Return nothing but the lines from the one containing "กางเกงยีนส์ขากระบอก สไตล์คาร์โก ดีเทลกระเป๋าข้าง" through the end of the records below, exactly as they stand and without pictures.
+++ Entries provided
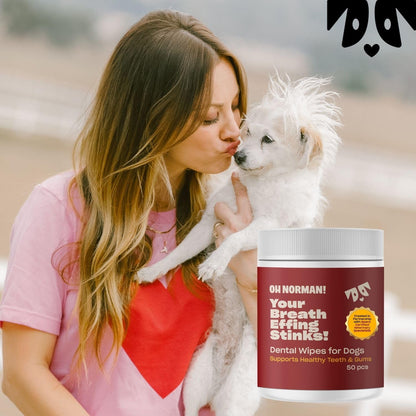 OH NORMAN! Dog Dental Finger Wipes, Fresh Breath, Vet Developed, 50 Ct | Vet-Reviewed Finger Wipes with Peppermint & Green Tea Extract Remove Plaque & Freshen Breath. No-Fuss Dental Cleaning5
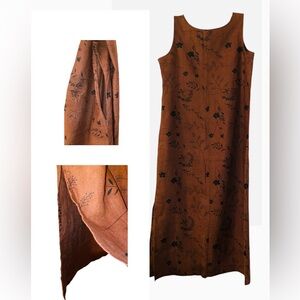 Brown linen maxi dress
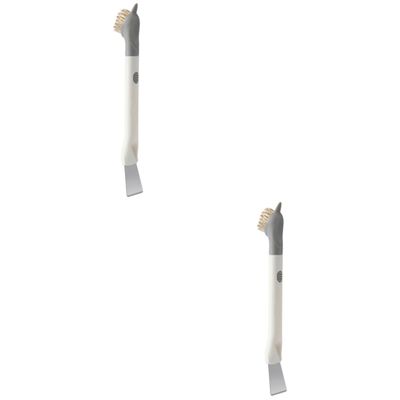 FOMIYES 2pcs Kitchen Cleaning Brush for Stove and Range Hood Multifunctional Dish Scrub Brush for Deep Cleaning Cooktops Pan Bottom and Tile Grout Efficient Oil Stain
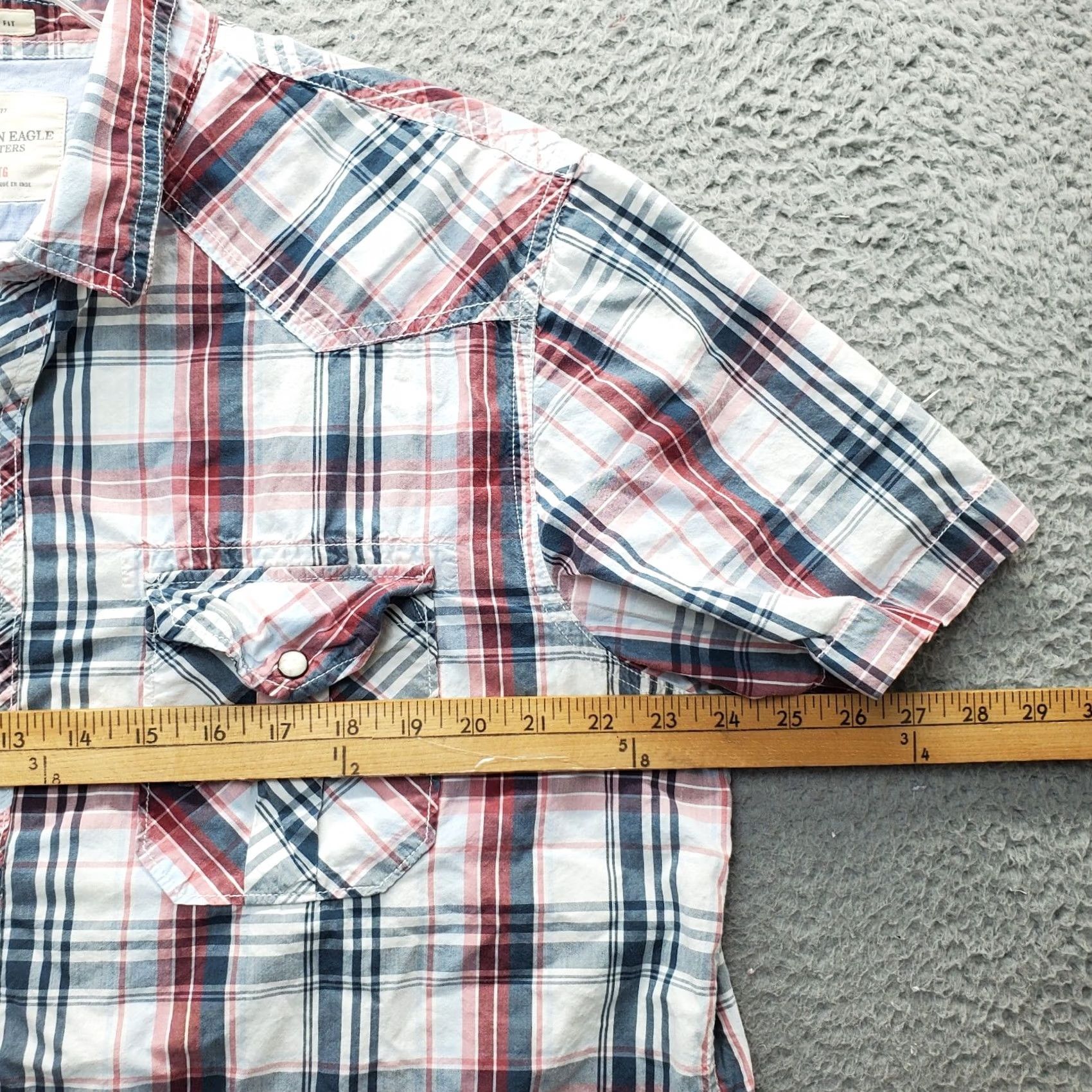 American Eagle Outfitters American Eagle Outfitters Shirt Men 2XL Multi Plaid Button-Up Collar Short Sleeve Pocket Classic Regular Fit Size US XXL / EU 58 / 5 - 6 Thumbnail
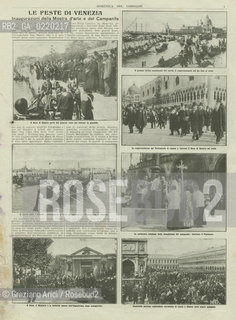 VENICE, MAY 1912. FOTOSERVIZIO DALLE PAGINE DELLA LA DOMENICA DEL CORRIERE :INAUGURAZIONE CAMPANILE SAN MARCO DOPO LA RICOSTRUZIONE .REPORTAGE FROM  LA DOMENICA DEL CORRIERE: INAUGURATION OF THE CAMPANILE AFTER THE RECONSTRUCTION  La cessione dei diritti si intende per quanto di nostra competenza; non comprende invece le eventuali spese relative a diritti che potranno essere richiesti dagli Enti cui appartengono le opere riprese. Tali costi, ove neccessari, e l’espletamento di qualsivoglia pratica di richiesta permessi sono esclusivamente  a  carico del committente. © ARCHIVIO Graziano Arici/Rosebud2 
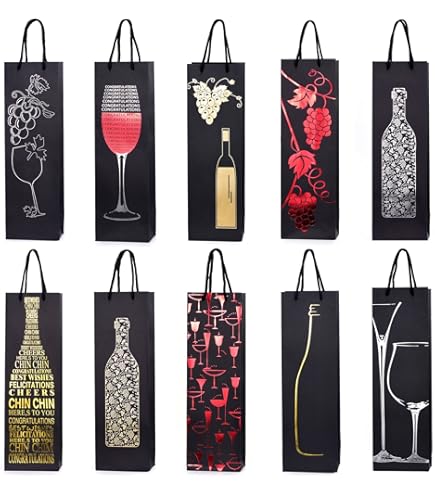 THE TWIDDLERS - 6 Christmas Wine Bags With Strong Rope Handles In Assorted Festive Christmas Designs, Gift Bottle Bags, 1 Of Each Design, Bottle Bag - 35cm X 13cm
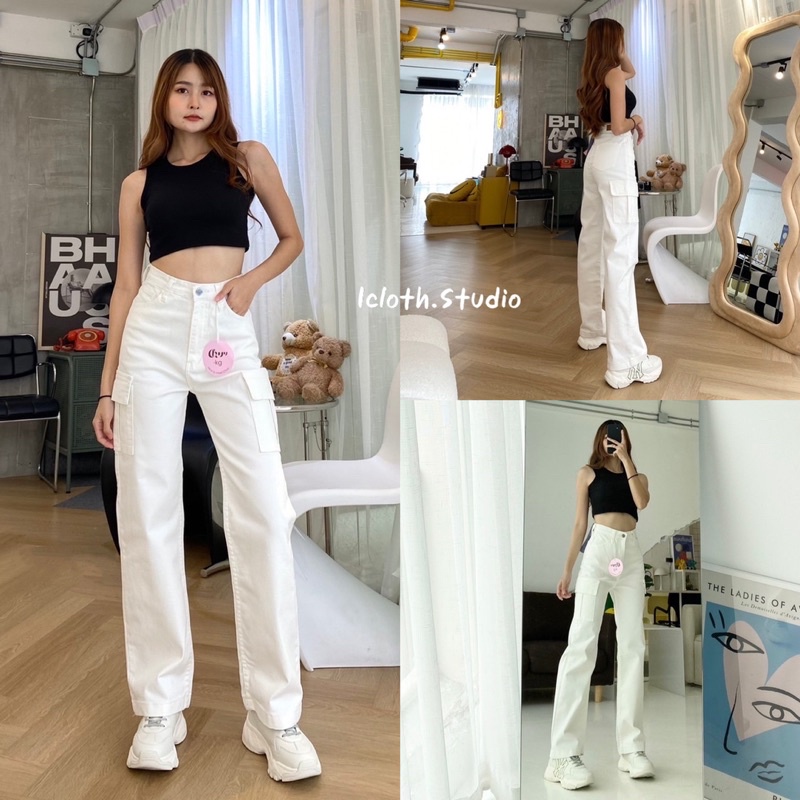 🤎 Chuu-5kg Cargo jeans Y2K🤍 กางเกงยีนส์ขากระบอก สไตล์คาร์โก ดีเทลกระเป๋าข้าง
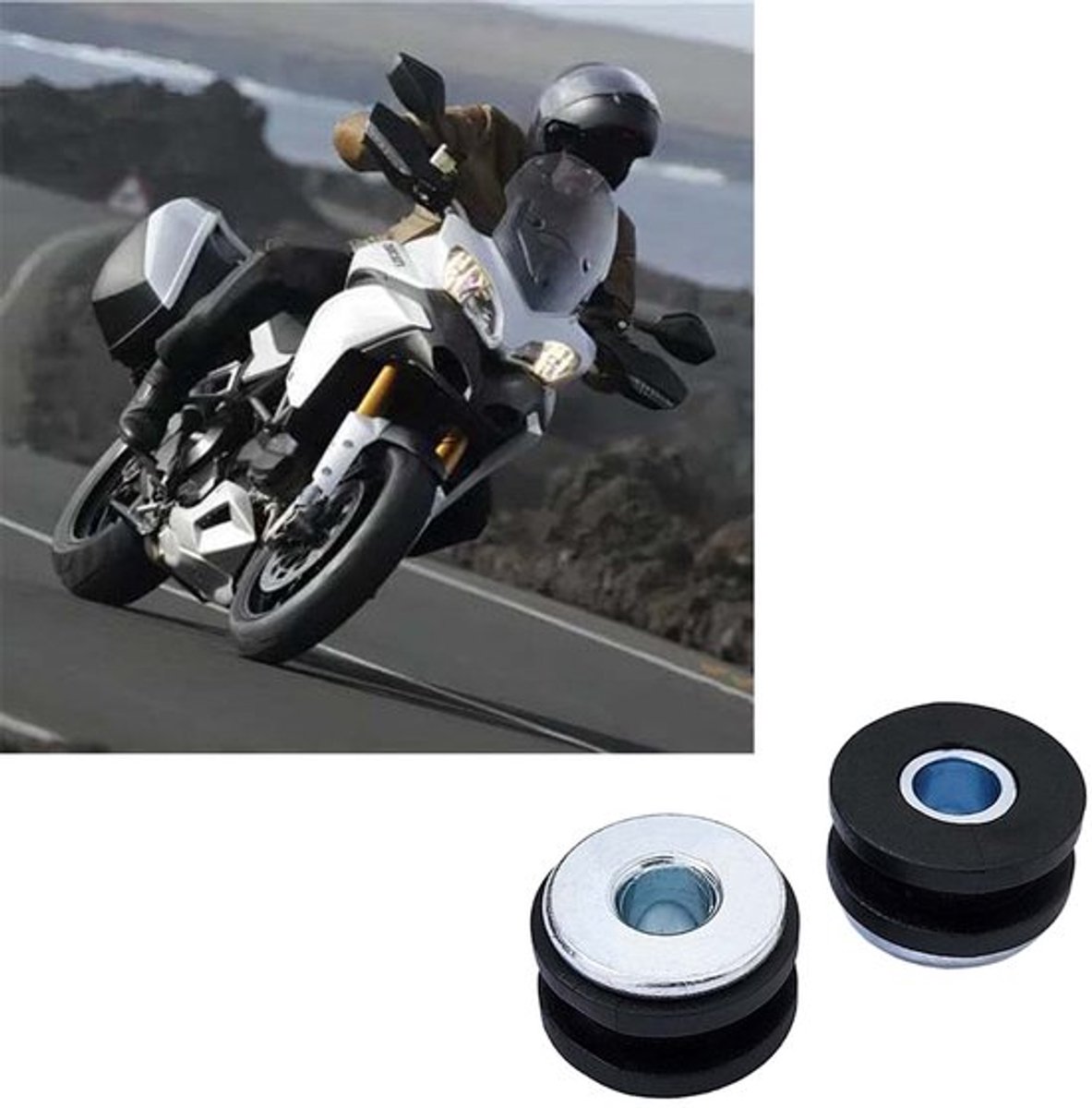 - Motorfiets Grommets - Rubber en Staal - Duurzaam en Slijtvast - Zwart - Universele Montage - Geschikt voor de meeste motoren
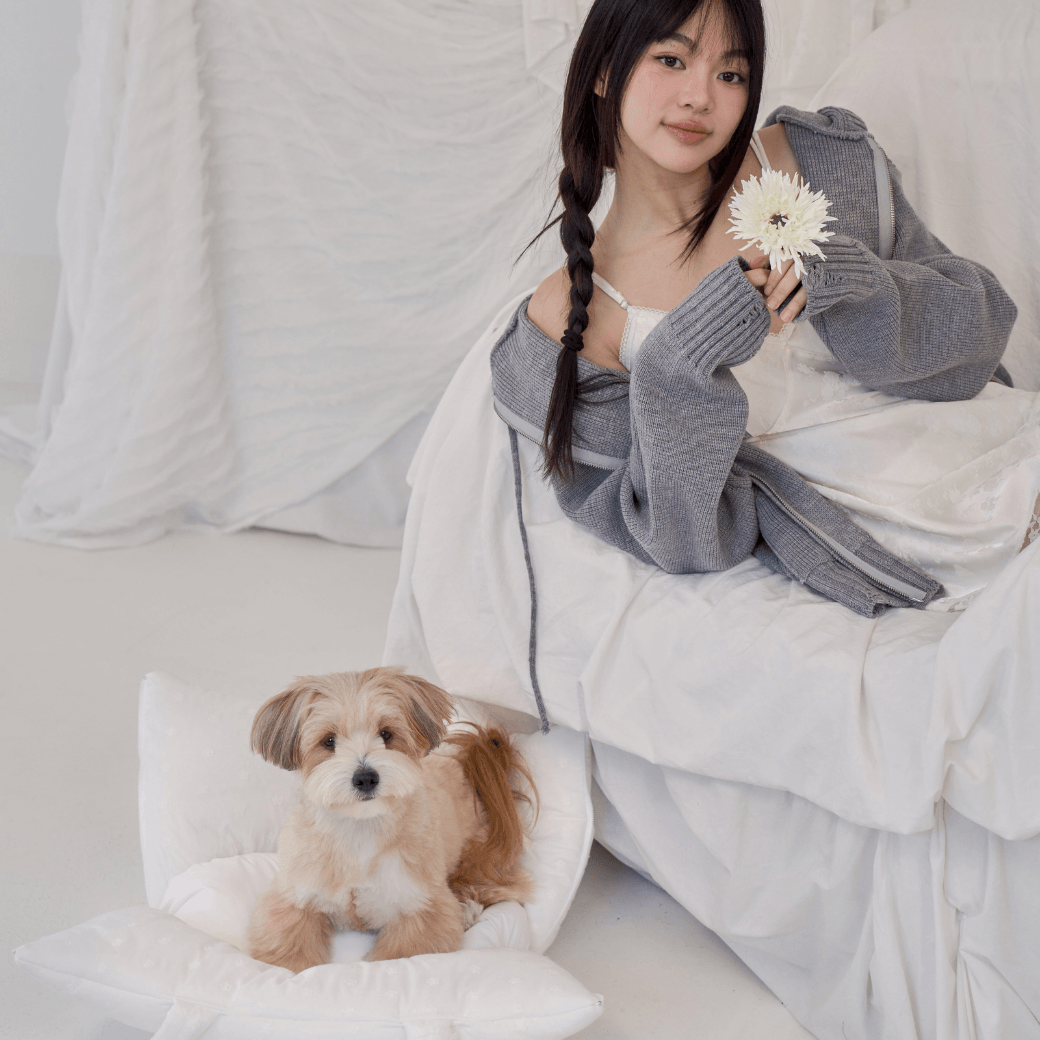wide bag - white flower(APERTY)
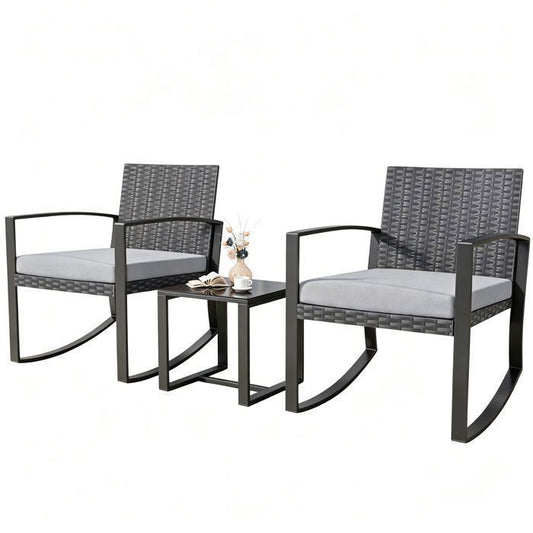Salon de Jardin - Bealife - 2 Fauteuil Bascule - 1 Table de Jardin - Coussin - Métal - Résine Tressée - Verre Trempé - Gris(Gris)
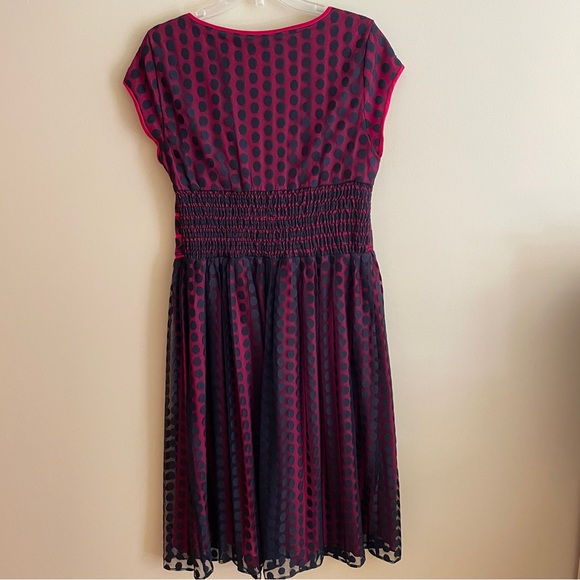 Coldwater Creek Red Mesh Polka Dot Dress New with Tags Sz 12 - Picture 2 of 10
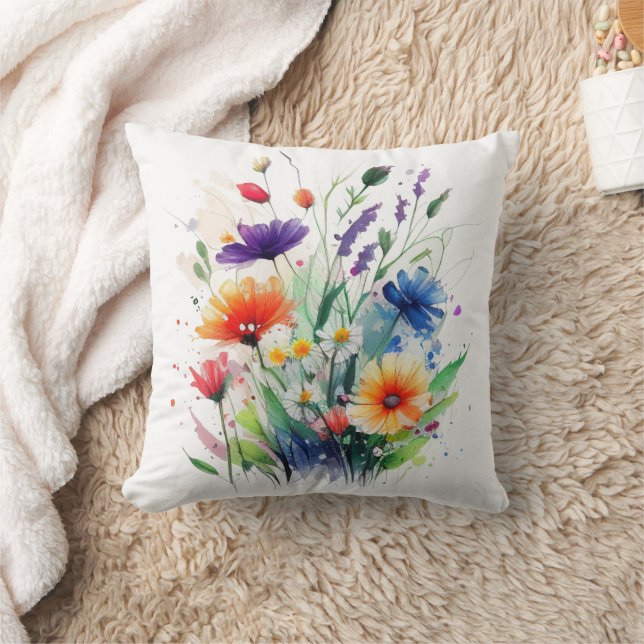 Orange Purple Red Blue Watercolor Flowers Cushion (Blanket)
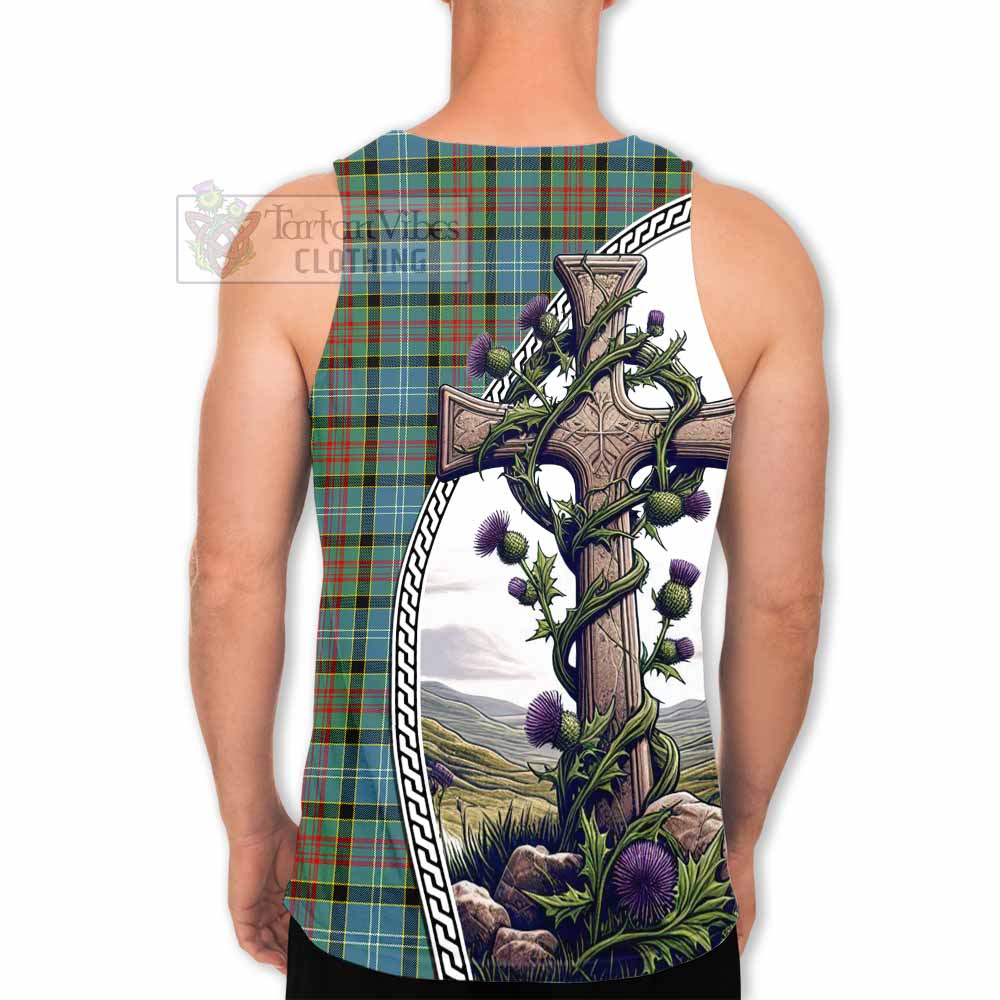 Tartan Vibes Clothing Paisley Tartan Men's Tank Top with Family Crest and St. Andrew's Cross Accented by Thistle Vines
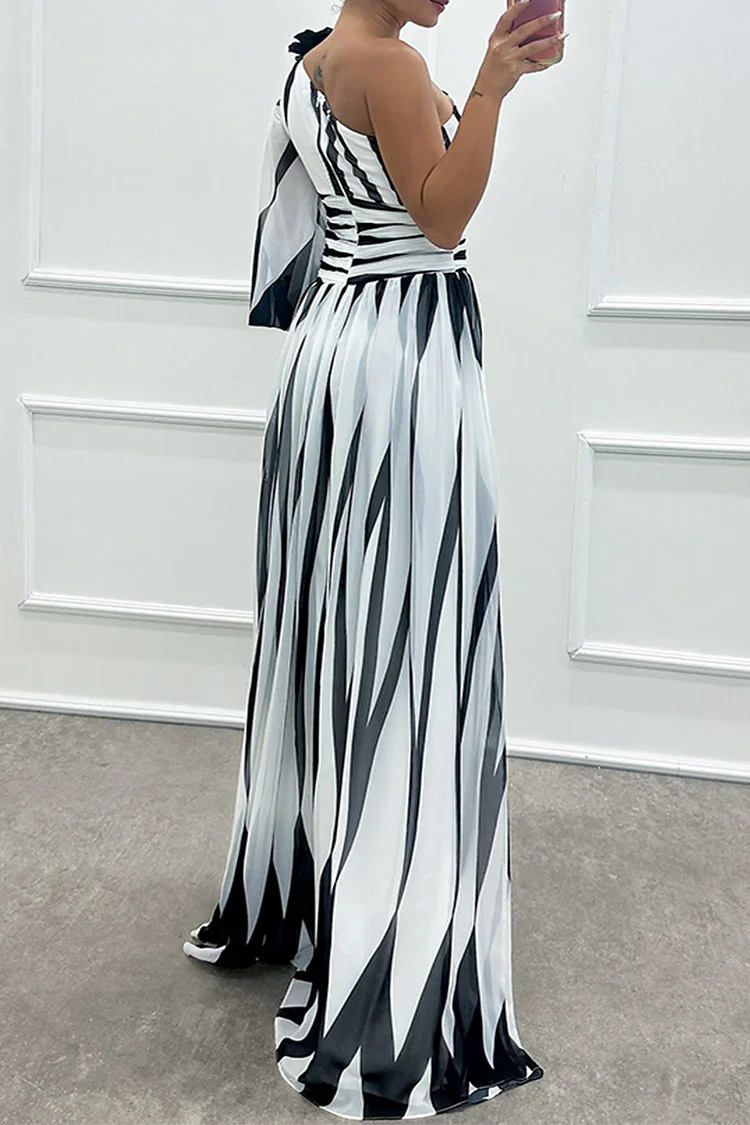 Thea™ - Elegantes gestreiftes Maxikleid mit einer Schulter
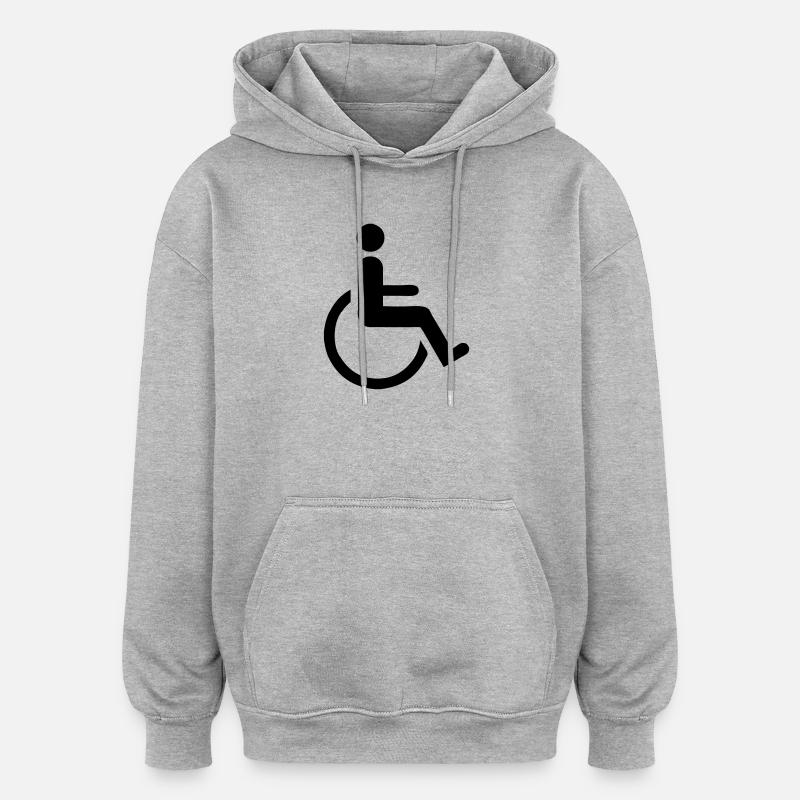 Rollstuhlfahrer - Oversized Unisex Hoodie - Grau meliert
++++++
Response box ::
 🤎 Chuu-5kg Cargo jeans Y2K🤍 กางเกงยีนส์ขากระบอก สไตล์คาร์โก ดีเทลกระเป๋าข้าง
 - Motorfiets Grommets - Rubber en Staal - Duurzaam en Slijtvast - Zwart - Universele Montage - Geschikt voor de meeste motoren
wide bag - white flower(APERTY)
Salon de Jardin - Bealife - 2 Fauteuil Bascule - 1 Table de Jardin - Coussin - Métal - Résine Tressée - Verre Trempé - Gris(Gris)
 Coldwater Creek Red Mesh Polka Dot Dress New with Tags Sz 12 - Picture 2 of 10
 Orange Purple Red Blue Watercolor Flowers Cushion (Blanket)
 Tartan Vibes Clothing Paisley Tartan Men's Tank Top with Family Crest and St. Andrew's Cross Accented by Thistle Vines
 Thea™ - Elegantes gestreiftes Maxikleid mit einer Schulter
 Rollstuhlfahrer - Oversized Unisex Hoodie - Grau meliert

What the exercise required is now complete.